Somnambule - Writing About Music

Fonotone Records

‘Fonotone Records Frederick, Maryland’ is proudly emblazoned on the lid of the cigar box in which this compilation is presented. Around the title are a string of names including ‘Tennessee Mess Arounders’, ‘Bald Knob Chicken Snatchers’, ‘Jolly Joe’s Jug Band’ and ‘Gabriel’s Holy Testifiers’. On the inside of the box, below a woodcut of Fonotone label boss, Joe Bussard, runs the byline: “For the best in old time playing and singing”. Old-time music, as its name implies, predated and influenced a number of North American folk musics including bluegrass and country. Behind some of those funny names hide more recognisable ones such as Stefan Grossman, Mike Seeger and the late, great John Fahey who made his recording debut for Mr Bussard.

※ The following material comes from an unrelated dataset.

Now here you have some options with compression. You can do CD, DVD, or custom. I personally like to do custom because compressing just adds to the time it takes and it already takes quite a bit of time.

Joe Bussard advised Dust To Digital on their feted Goodbye Babylon collection of Southern sacred music and ended up being invited to release this compilation of mostly long-forgotten music garnered from his own label.

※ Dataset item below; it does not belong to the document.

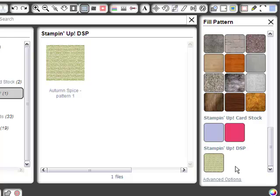So now when you get ready to work with your Print and Cut feature and your Silhouette software, you are ready to go with all of your favorite Stampin' Up colors and Designer Series papers. Thanks, have a great day. I'll see you again soon.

The box contains a 160 page booklet full of little histories, wry humour and the names of old time musicians that found no further purchase in the wide world than Fonotone Records. There’s a wallet of postcards graven with images of the performers (and one of the West Virginia landscape in which some of Fonotone’s artists lived), a few 78 record labels (Fonotone was the last label to release 78s: $1 a time plus postage and packing), a deliberately crumpled A4 facsimile of a tape transcription, an all-important Fonotone Records bottle opener and, last but by no means least, five compact discs containing 131 tracks by a large number of different ensembles. The sweetness of the packaging just about manages to excuse the lack of shellac in the enterprise. Although centred around the traditional structure of fiddle, banjo, guitar, double bass and voice, many songs also feature deft use of jug, spoons, harmonica, mandolin, kazoo and so forth. All of the music was recorded between the mid ‘50s and the end of the ‘60s when Joe Bussard finally shut up shop. The America captured in this working people’s music was already disappearing and would probably have appeared anachronistic even at the time of release, as evidenced by the dislike expressed by Bussard’s farmers supply store-owning father. However, Fonotone wasn’t completely out of touch with contemporary events: the label sent off Blind Robert Ward’s specially recorded ‘The Voyage Of Apollo 8’ to NASA (the letter of thanks is duly reproduced in the booklet).

There’s so much music here that my one reservation is the difficulty of discerning much of a structure. But the music is so catchy, humorous and energetic, that this minor criticism is swept away by the sheer charm of the affair. As I sat playing with my 6 year old son, the Welch Brothers’ Lost Indian began to play and my boy let out an instinctive “Yee-hah!” Seemed about the best response I could think of.